When I first started running in 2010, I was slow. I would walk/run most of my training runs, even the short ones. It was a huge feat for me must to finish my first half, which was at a lightning fast 12:01pace. My neatly organized google doc of all my running times tells me that over the past three years, I’ve shaved over a minute off of my average pace during races. Before the Disneyworld Marathon I was doing speedwork in hopes of a PR. The nagging ITBS derailed this plan and I had to switch to the just finish mentality. Post marathon I’m hovering around a 10-10:30 pace. A couple of workouts this week even made it under the 10 minute mile pace (just under 10 at 9:57, but under!). I feel fast. I feel strong.
I started searching some twitter running hashtags and saw people posting about their 7 minute, 6 minute, 5 minute mile times. And then I felt slow again. The happy running high was quickly deflated. Why do I think I can call myself a runner? When people find out I’m a runner and want to talk about it, I always disclaim it with, “Oh yes, but I’m slow.” I guess there’s always been a part of me that has never felt like a “real runner” because of my speed, or lack thereof.

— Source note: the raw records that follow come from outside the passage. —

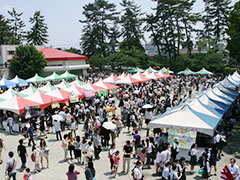 青葉祭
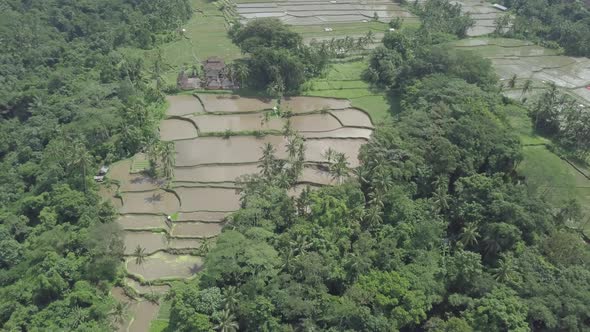  Aerial view of rice terraces with water, rice paddy fields, palms Tegallalang, Ubud, Bali Indonesia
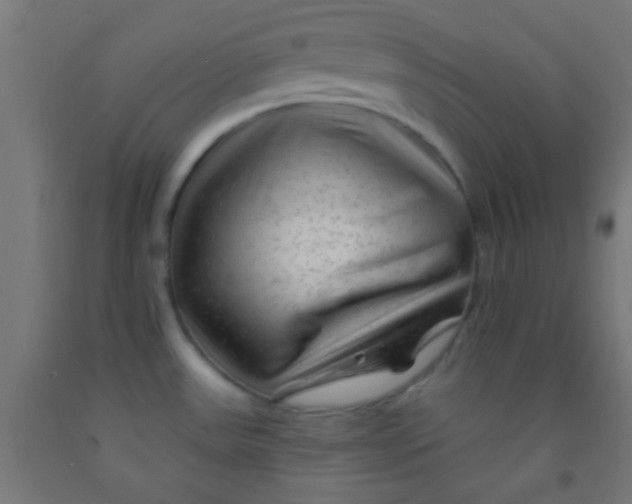 X0000092011531200709271519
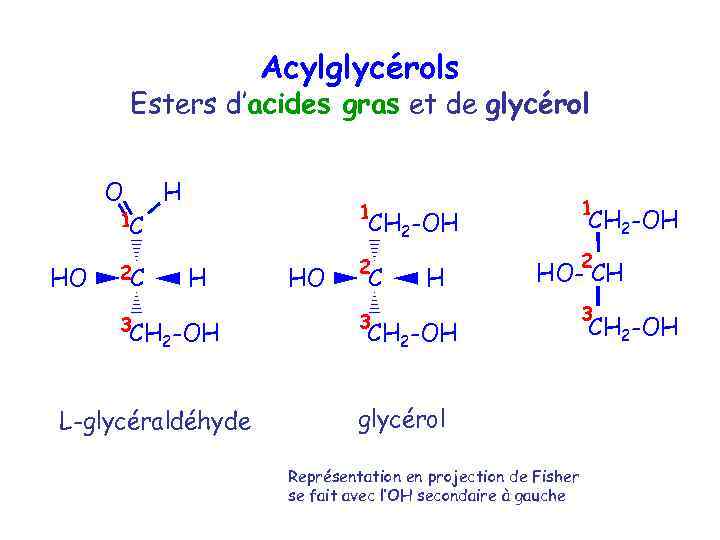 Acylglycérols Esters d’acides gras et de glycérol O 1 C HO 2 C 3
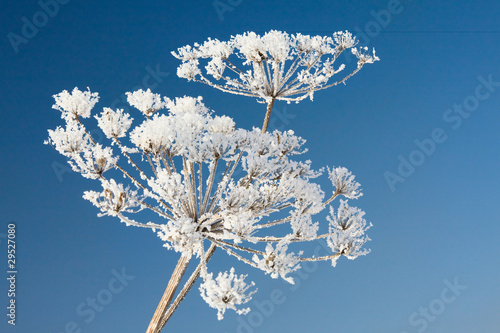 Frozen flower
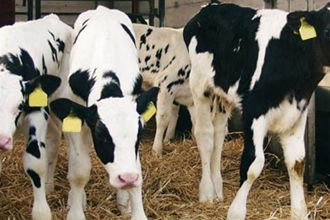 Buzağı Desteği Ödemeleri Yarın Başlıyor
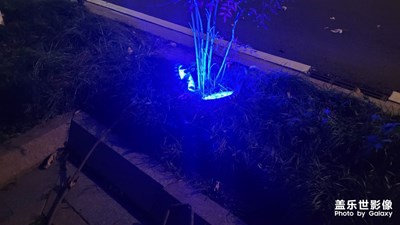 【難忘2022】圣誕節(jié)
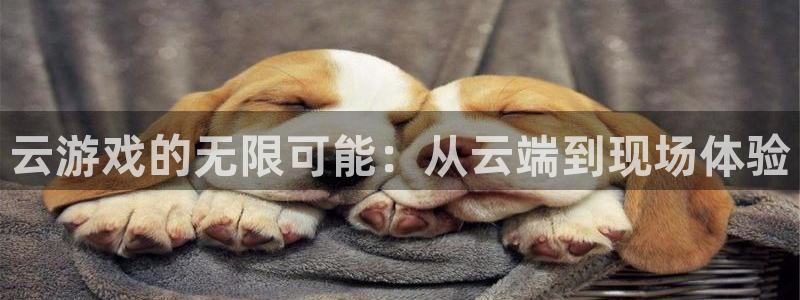 沐鸣注册官方登录app：云游戏的无限可能：从云端到现场体验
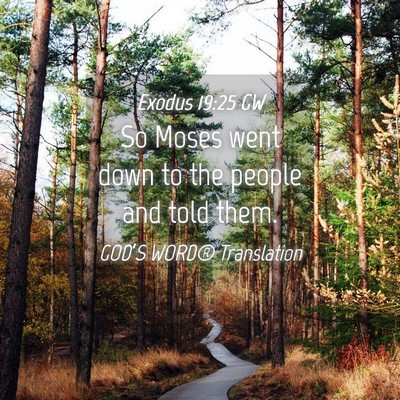 Picture 04 - Exodus 19:25 GW - So Moses went down to the people and told - Bible Verse Picture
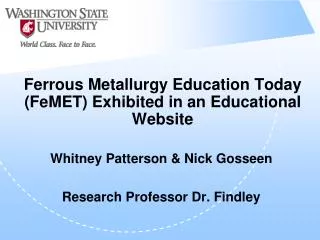 Ferrous Metallurgy Education Today (FeMET) Exhibited in an Educational Website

But then I remembered that it’s never been about being the fastest runner. It’s about keeping my body physically fit. It’s about release. It’s about physically challenging myself. It’s about having a stress reliever and the space to let my mind work through some tough life issues on a long run. It’s about pushing myself to things I never thought possible (half marathon, marathons, heck even five miles was an accomplishment when I first started out – when I was in elementary school I almost flunked out of PE because I refused to run). It’s about being out in nature and getting to enjoy and bask in its beauty. It’s about helping discover the wonder of running . It’s about learning life lessons.
I know I’ll never be the fastest (short girl with short legs, not exactly the natural born runner), but this won’t stop me from trying to improve and push myself to new limits and it also shouldn’t stop me from proudly declaring that I am a runner.
(via Our Time to Change)
A mile is a mile, and I am a runner.